[Caption-style text data]
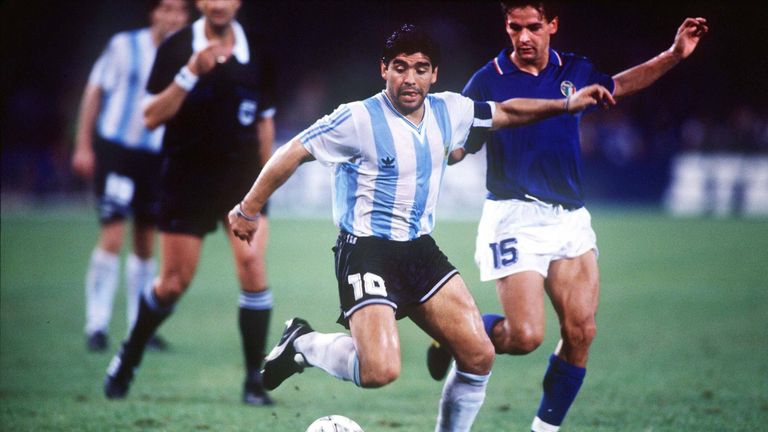 WM-Halbfinale 1990: Italien und Roberto Baggio (r.) versuchen Argentinien und Diego Maradona zu stoppen. 
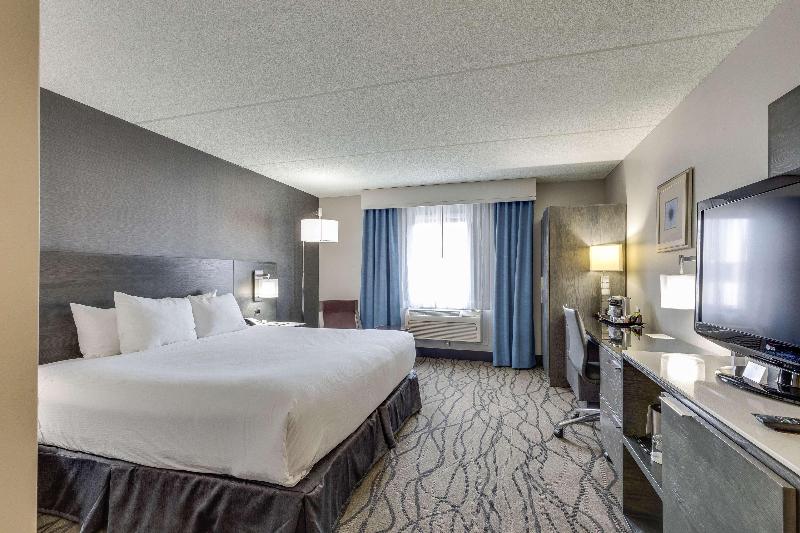 Стандартный Номер Кровать Кинг, Doubletree By Hilton Hotel Racine Harbourwalk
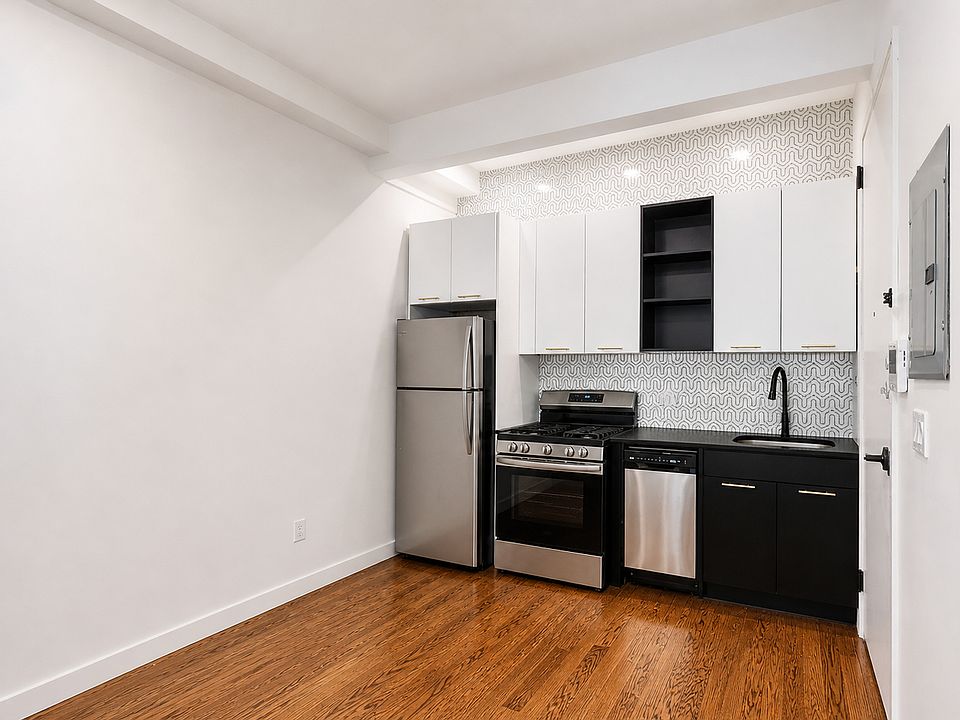 1st image of 315 Bushwick Ave #2A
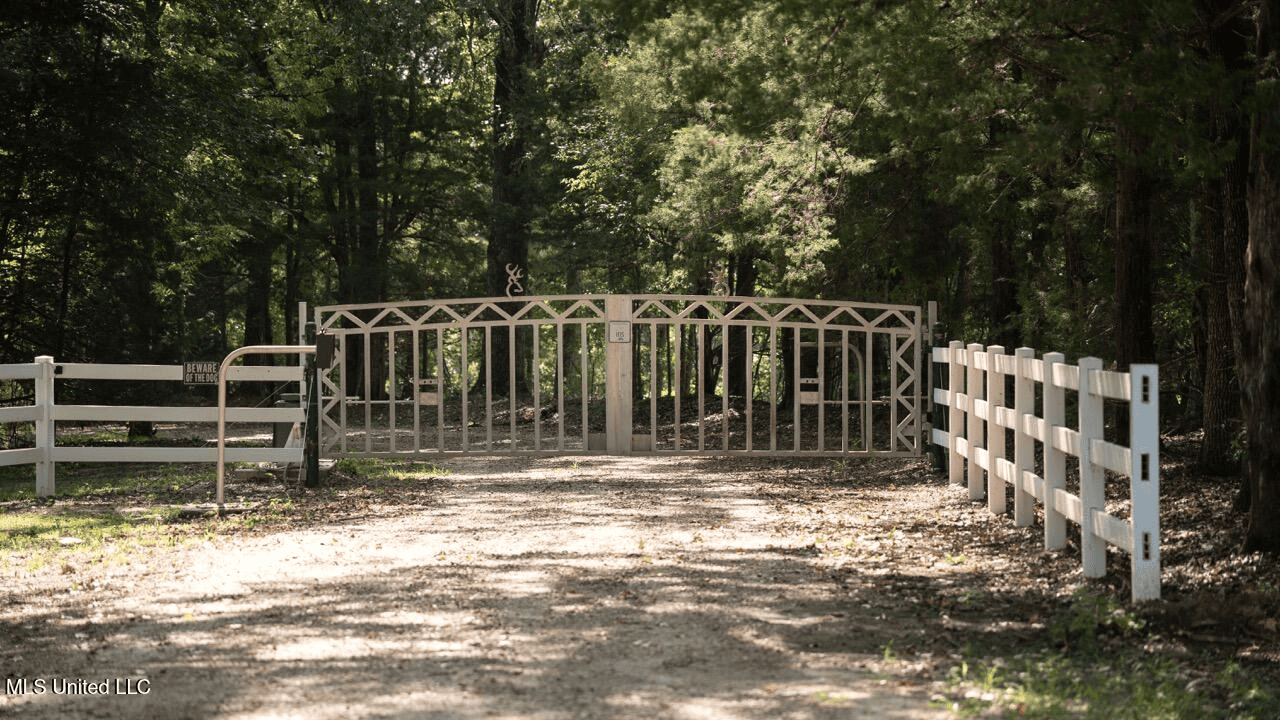 Turkey Roost Lodge in Wilkinson County, Mississippi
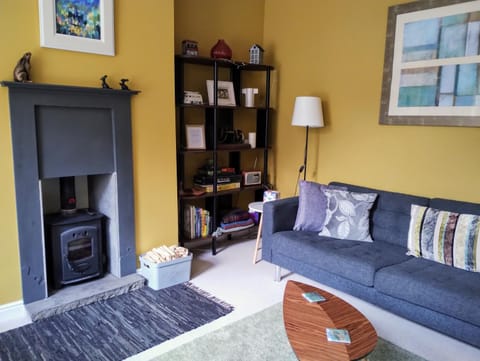 The Cobbles - Central, Parking, Netflix & Woodburner House in Hebden Bridge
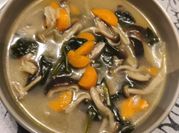 Una foto de sopa de germinados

▶ _Work order_
Starting with the first line of the data above and ending with the line containing "Turkey Roost Lodge", please restate every line exactly, leaving images out.

▶ _Reply_
 WM-Halbfinale 1990: Italien und Roberto Baggio (r.) versuchen Argentinien und Diego Maradona zu stoppen. 
 Стандартный Номер Кровать Кинг, Doubletree By Hilton Hotel Racine Harbourwalk
 1st image of 315 Bushwick Ave #2A
 Turkey Roost Lodge in Wilkinson County, Mississippi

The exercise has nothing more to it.